Additionally Vault Raft Snapshot Agent supports static configuration via environment variables alongside its configuration file:

In contrast to values specified via the configuration file, these environment variables are read once at startup only and the configuration will not be reloaded when their values change, except those specified as external property sources/Secret below which always reflect the currently configured value.

Options specified via environment-variables take precedence before the values specified in the configuration file - even those specified as external property sources/Secret!

Configuration

Vault Raft Snapshot Agent uses viper as configuration-backend, so you can write your configuration in either json, yaml or toml.

The Agent monitors the configuration-file for changes and reloads the configuration automatically when the file changes.

Example configuration (yaml)

vault:
  nodes:
    urls:
      # Url of the (leading) vault-server
      - https://vault-server:8200
  auth:
    # configures kubernetes auth
    kubernetes:
      role: "test-role"
snapshots:
  # configures how often snapshots are made, default 1h
  frequency: "4h"
  # configures how many snapshots are retained, default 0
  retain: 10
  storages:
    # configures local storage of snapshots
    local:
      path: /snapshots

(for a complete example with all configuration-options see complete.yaml)

Secrets and external property-sources

Vault Raft Snapshot allows you to specify dynamic sources for properties containing secrets which you either do not want to write into the configuration file or which might change while the agent is running. For these properties you may specify either an environment variable as source using env://<variable-name> or a file-source containing the value for the secret using file://<file-path>, where <file-path> may be either an absolute path or a path relative to the configuration file. Any value not prefixed with env:// or file:// will be used as is.

Dynamic properties are validated at startup only, so if e.g. you delete the source-file for a property required to authenticate with vault or connect to a remote storage while the agent is running, the next login to vault or upload to that storage will fail (gracefully)!

Vault configuration

vault:
  nodes:
    urls:
      -  <http(s)-urls to vault-cluster nodes>
      - ...
    autoDetectLeader: true
  insecure: <true|false>
  timeout: <duration>
Key Type Required/Default Description
nodes.urls List of URL required specifies at least one url to a vault-server
nodes.autoDetectLeader Boolean false if true the agent will ask the nodes for the url to the leader. Otherwise it will try the given urls until it finds the leader node
insecure Boolean false specifies whether insecure https connections are allowed or not.

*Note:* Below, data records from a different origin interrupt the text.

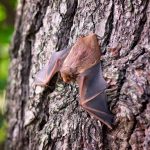 Winged Wonders, Astonishing Benefits of Bats benefits of bats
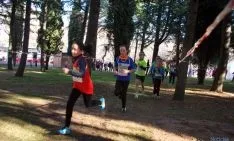 Imagen de la jornada de atletismo este domingo en la Alameda Cervantes. / SN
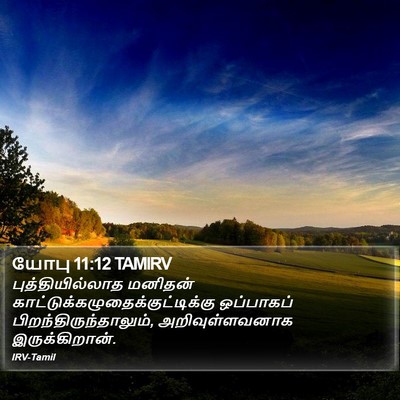 யோபு 11:12 TAMIRV Bible Verse Image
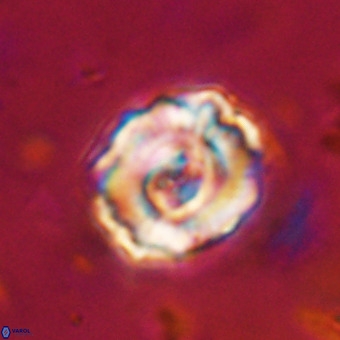 Perchnielsenella stradneri VR 22859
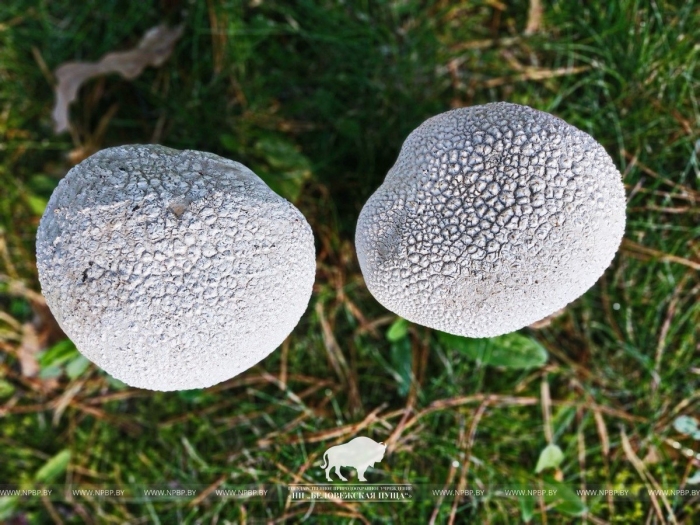 Гриб дождевик шиповатый луговой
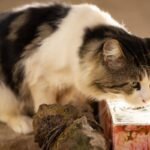 Gato atigrado de pelo largo bebiendo agua en primer plano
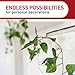 Command Indoor Mini Light Clips, Damage Free Hanging Christmas Light Clips, Mini Wall Clips for Hanging Indoor Christmas Decorations, Lights and Cables, 45 Clear Clips and 54 Command Strips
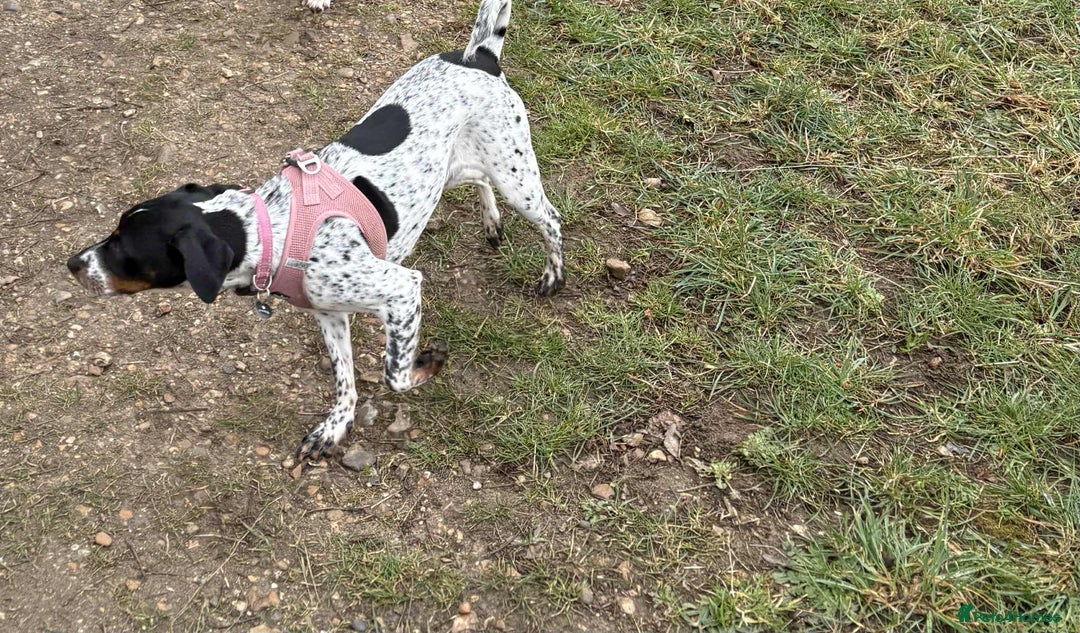 Mixed Breed dogs for sale: Cockajack for responsible rehoming  - Image 5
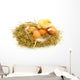 Baby Chick and Eggs Nest 1 Wall Decal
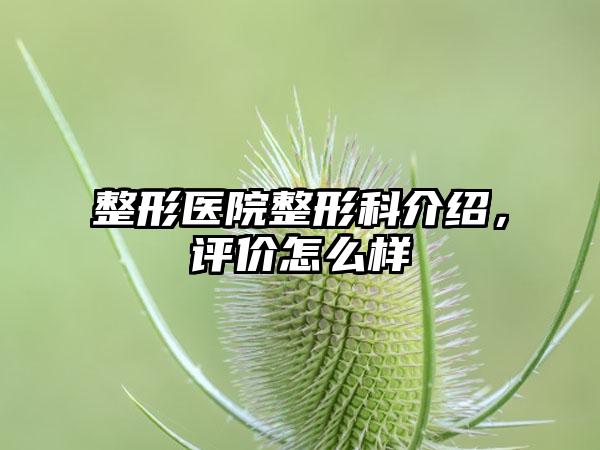 整形医院整形科介绍，评价怎么样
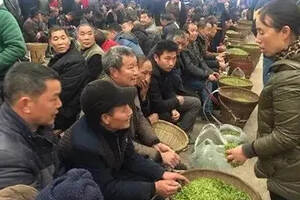 中国最大的绿茶交易市场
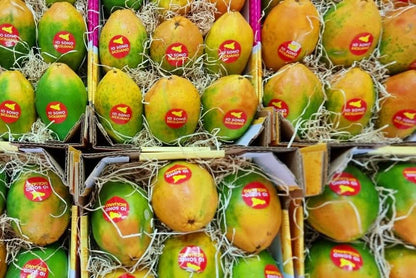 Vulkan Papayas Bio von Andrea aus Sizilien Aktions-Box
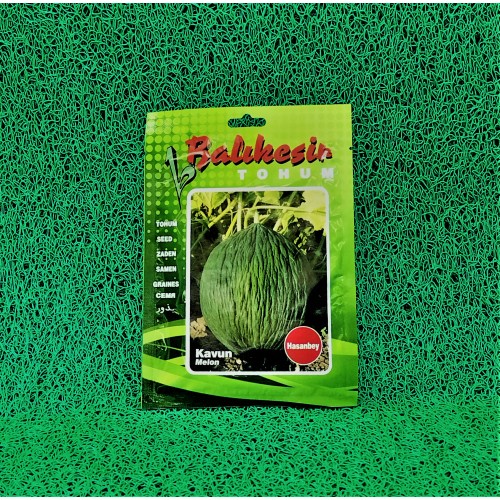 KAVUN ( HASANBEY ) TOHUMU 10GR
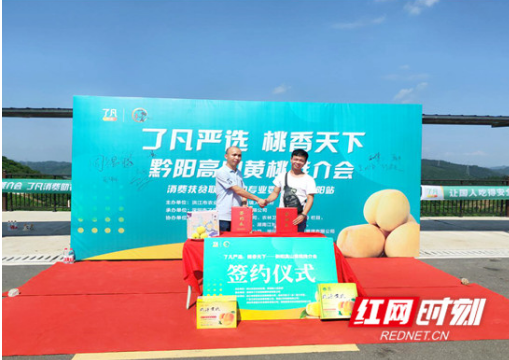 开门红！黔阳黄桃上市喜签百万斤订单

Set to true when you use self-signed certificates
timeout Duration 60s timeout for the vault-http-client; increase for large raft databases (and increase snapshots.timeout accordingly!)

Vault Leader-Detection

It is recommended to specify only a single url in vault.nodes.urls which always points to the current leader (e.g. to http(s)://vault-active.<vault-namespace>.svc.cluster.local:<vault-server service-port> when using the vault-helm chart) and to disable the automatic leader detection by not specifying nodes.autoDetectLeader or setting it to false. If automatic leader detection is enabled the response of vault's /sys/leader-api-endpoint must return a leaderAddress reachable by the agent. If you specify multiple urls in vault.nodes.urls without enabling vault.nodes.autoDetectLeader, the agent contacts each node until one reports that it is is the current leader.

Vault authentication

To allow Vault Raft Snapshot Agent to take snapshots, you must add a policy that allows read-access to the snapshot-apis. This involves the following:

  1. vault login with an admin user.
  2. Create the following policy vault policy write snapshots ./my_policies/snapshots.hcl where snapshots.hcl is:
path "/sys/storage/raft/snapshot"
{
  capabilities = ["read"]
}

The above policy is the minimum required policy to be able to generate snapshots. This policy must be associated with the app- or kubernetes-role you specify in you're configuration (see below).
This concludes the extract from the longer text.